Statistical hypothesis testing

In a couple of recent blog posts we highlighted some of the best practices to keep in mind when implementing an A/B test, as well as a common misuse of A/B testing that too many practitioners unfortunately employ when attempting to research a hypothesis.

In this post we will take a few steps back and discuss at a higher level the reasoning behind statistical hypothesis testing. Having a better understanding of the mechanics of what hypothesis testing is and how it translates directly to your A/B or multivariate testing endeavors will aid you in both the design of your study and the interpretation of your results.

Suppose you currently send out a weekly newsletter to your email subscribers every Friday at 9AM. Your manager is curious if open rates from this newsletter would increase significantly from your current level of 22% if you changed the delivery time to every Friday at 1PM. To address your manager’s question you randomly select 2000 subscribers from your list and email them this week’s newsletter at the adjusted time.
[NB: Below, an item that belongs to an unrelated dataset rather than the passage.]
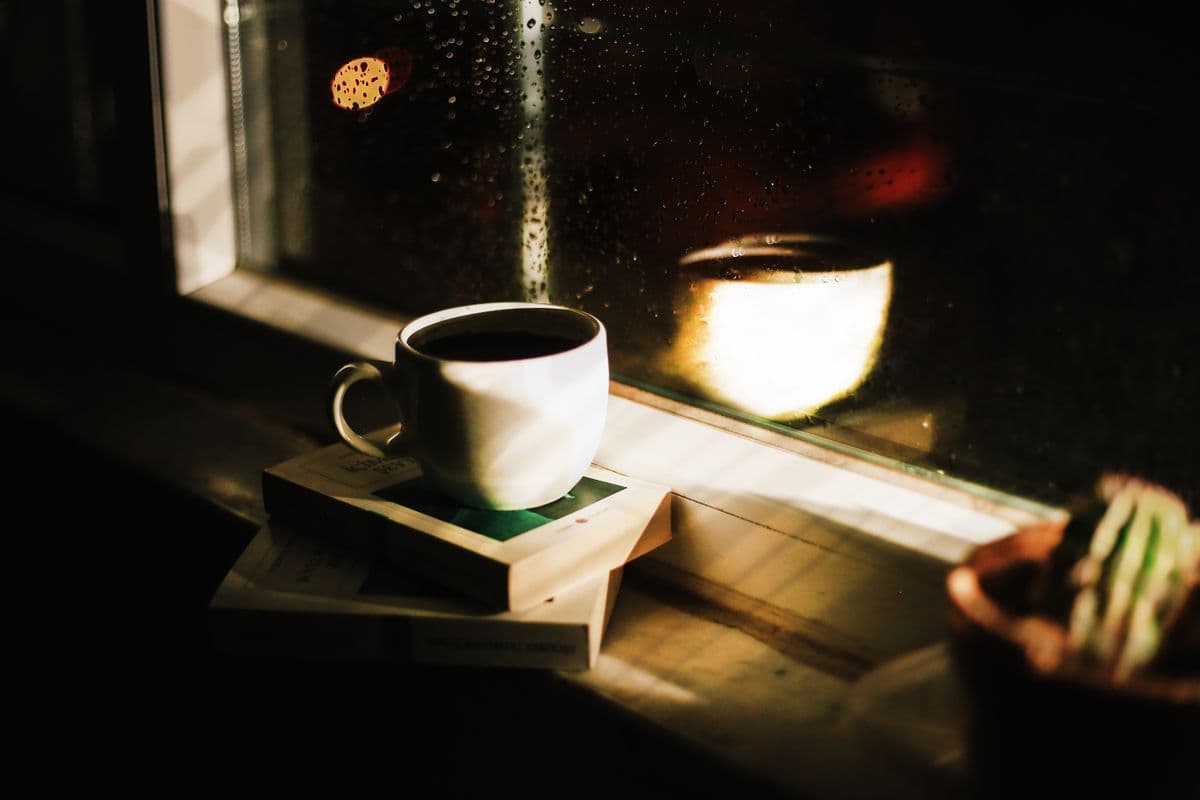 Чашка чёрного кофе на стопке книг у окна с каплями дождя пасмурным осенним вечером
After waiting the necessary amount of time for the data to accumulate, you see that the subscribers who received the newsletter at 1PM had an open rate of 24%.

Can you now conclude that emailing all newsletter subscribers at 1PM would significantly increase open rates from the historical rate of 22%? Because the result is based on a sample, there is a possibility that the observed open rate (24%) may have occurred just by the luck of the draw. If your entire subscriber population were actually sent the newsletter at 1PM, how likely is it that your open rate would still be 24% or better?

Hypothesis testing uses data from a sample (2000 subscribers) to judge whether or not a statement about a population (your entire newsletter subscriber list) may be true. Many of the questions that researchers ask can also be expressed as questions about which of two statements might be true for a population. In the example just given, we are essentially just asking the question of, ‘Does mailing my newsletter on Friday at 1PM significantly increase my open rate from its current level of 22%?’ This question can be answered with either a ‘no’ or a ‘yes’ and each possible answer makes a specific statement about the situation.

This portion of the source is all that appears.